Para dance sport is an extremely elegant, graceful and stylish sport which involves athletes with a physical impairment that affects the lower limbs.
Participants can compete combi style, dancing with an able bodied (standing) partner, or duo dance for two wheelchair users together. Group dance involves wheelchair users only or together with able-bodied partners whereas single dance sees a wheelchair user dance alone.
Standard dances include waltz, tango, Viennese waltz, slow foxtrot and quickstep.
Latin American dances include the samba, cha-cha-cha, rumba, paso doble and jive.
Freestyle/ showdance can include the standard dances (conventional) or any style for presentation (folk, hip hop, latin, standard, ballet, contemporary, street dance, salsa, Argentinean tango, cumbia, belly dance, etc.).
There are also Formation dances for four, six or eight couples dancing in formation.
Since 1998 the sport has been governed by the IPC and co-ordinated by the World Para Dance Sport Technical Committee which incorporates the rules of the World Dance Sport Federation (WDSF). The sport is not part of the summer Paralympic Games sports programme.
In recent years the sport has benefitted greatly from the screening of popular dance based TV shows such as Strictly Come Dancing and Dancing with the Stars.
Today the sport is widely practiced in 29 countries and the last World Championships took place in 2013 in Tokyo, Japan. In 2014 the European Championships was held in Lomianki, Poland and, for the first time, the sport took part in the Asian Para Games, in Incheon, South Korea.
Wheelchair user Els-Britt Larsson was one of the pioneers of wheelchair dancing when it originated in her native Sweden in 1968 for recreational and rehabilitation purposes.
From there the sport’s popularity grew and in 1975 the first competition was organised in Vasteras, Sweden involving 30 couples.
Two years later in 1977 Sweden staged the first international competition and several regional and international competitions soon followed.
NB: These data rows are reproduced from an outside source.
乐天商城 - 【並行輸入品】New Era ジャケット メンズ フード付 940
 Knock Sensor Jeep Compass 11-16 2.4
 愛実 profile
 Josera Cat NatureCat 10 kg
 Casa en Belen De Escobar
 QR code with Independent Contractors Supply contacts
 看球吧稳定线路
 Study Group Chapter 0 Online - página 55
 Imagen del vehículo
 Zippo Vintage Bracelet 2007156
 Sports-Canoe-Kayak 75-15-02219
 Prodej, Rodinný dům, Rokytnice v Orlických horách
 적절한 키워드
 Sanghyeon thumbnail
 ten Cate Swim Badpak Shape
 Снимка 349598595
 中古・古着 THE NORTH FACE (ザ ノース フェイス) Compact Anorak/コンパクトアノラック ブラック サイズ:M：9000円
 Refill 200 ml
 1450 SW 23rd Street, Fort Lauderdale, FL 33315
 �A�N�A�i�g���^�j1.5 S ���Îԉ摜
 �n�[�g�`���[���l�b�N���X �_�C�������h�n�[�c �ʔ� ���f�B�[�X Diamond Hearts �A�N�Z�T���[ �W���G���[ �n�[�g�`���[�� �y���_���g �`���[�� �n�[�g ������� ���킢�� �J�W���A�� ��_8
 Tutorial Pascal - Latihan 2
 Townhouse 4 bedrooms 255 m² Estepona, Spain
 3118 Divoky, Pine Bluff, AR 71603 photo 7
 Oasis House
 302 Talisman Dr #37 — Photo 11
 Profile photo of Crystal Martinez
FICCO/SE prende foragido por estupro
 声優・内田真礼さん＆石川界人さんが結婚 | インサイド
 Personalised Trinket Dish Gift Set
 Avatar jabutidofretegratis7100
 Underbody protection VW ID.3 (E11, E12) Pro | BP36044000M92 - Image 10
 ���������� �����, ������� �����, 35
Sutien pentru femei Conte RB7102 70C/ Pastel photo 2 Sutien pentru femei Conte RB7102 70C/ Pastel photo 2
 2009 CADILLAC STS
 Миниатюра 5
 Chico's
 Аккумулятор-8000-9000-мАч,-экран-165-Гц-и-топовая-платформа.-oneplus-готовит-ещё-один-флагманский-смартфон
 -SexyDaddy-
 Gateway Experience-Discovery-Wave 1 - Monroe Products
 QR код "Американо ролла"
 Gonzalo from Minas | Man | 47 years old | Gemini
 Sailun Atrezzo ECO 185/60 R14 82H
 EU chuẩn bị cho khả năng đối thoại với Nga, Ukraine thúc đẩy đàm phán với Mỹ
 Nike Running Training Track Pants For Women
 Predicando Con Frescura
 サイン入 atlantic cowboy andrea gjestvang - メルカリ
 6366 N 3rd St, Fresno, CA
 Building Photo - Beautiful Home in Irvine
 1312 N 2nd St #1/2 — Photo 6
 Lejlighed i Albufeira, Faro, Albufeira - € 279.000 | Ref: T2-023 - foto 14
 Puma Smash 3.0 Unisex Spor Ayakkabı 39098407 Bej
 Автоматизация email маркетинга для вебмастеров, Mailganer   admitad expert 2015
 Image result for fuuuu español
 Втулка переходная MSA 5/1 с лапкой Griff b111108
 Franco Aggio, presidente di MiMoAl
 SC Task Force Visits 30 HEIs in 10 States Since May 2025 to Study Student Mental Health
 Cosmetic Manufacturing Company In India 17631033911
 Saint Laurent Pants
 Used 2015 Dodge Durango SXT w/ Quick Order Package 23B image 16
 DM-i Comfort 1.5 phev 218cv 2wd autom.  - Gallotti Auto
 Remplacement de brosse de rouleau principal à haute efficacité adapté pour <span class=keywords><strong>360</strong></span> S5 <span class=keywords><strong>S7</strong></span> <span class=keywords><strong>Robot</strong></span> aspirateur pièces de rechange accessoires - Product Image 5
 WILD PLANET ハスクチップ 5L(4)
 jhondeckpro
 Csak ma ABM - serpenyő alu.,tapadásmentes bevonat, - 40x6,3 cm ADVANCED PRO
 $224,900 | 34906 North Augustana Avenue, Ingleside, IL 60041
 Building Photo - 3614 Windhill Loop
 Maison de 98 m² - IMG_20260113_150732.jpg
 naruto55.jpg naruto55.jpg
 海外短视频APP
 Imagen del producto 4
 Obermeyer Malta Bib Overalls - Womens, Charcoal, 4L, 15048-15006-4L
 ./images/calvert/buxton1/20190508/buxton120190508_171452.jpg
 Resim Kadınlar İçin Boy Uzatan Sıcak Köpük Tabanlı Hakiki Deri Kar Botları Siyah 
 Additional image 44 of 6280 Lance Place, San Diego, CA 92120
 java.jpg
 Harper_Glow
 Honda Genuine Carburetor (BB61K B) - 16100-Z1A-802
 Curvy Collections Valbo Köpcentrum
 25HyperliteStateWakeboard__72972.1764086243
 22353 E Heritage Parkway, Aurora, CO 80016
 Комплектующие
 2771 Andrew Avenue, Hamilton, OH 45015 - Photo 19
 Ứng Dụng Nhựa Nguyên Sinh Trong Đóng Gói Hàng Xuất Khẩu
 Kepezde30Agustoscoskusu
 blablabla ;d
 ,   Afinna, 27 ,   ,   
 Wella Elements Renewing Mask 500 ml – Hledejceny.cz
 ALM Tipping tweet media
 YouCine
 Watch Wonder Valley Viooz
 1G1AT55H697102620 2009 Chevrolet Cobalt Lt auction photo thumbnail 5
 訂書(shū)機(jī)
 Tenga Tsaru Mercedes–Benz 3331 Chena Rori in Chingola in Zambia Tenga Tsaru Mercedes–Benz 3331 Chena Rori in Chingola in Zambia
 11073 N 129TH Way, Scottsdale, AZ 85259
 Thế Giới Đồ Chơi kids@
In 1984 Munich, Germany staged the first Rock’n’Roll European Championship for wheelchair dancers and the following year the Netherlands hosted the first unofficial European Championships in Latin and Standard.
The first World Championships took place in Japan in 1998, the same year the sport came under the governance and management of the International Paralympic Committee.
At the 2006 World Championships in Papendal, the Netherlands, duo-dance was presented for the first time in two Standard and three Latin dances.
In 2014 singles and freestyle/showdance (singles and combi) were introduced as the part of the official programme.
The Para Dance Sport World Championships are held every two years and were last staged in 2013 in Tokyo, Japan.
The surface of the dance floor must be a minimum of 250 square metres with no side of the floor less than 10m in length, and 350 square meters for Championships.
Participants have the option of using electric wheelchairs if they need to.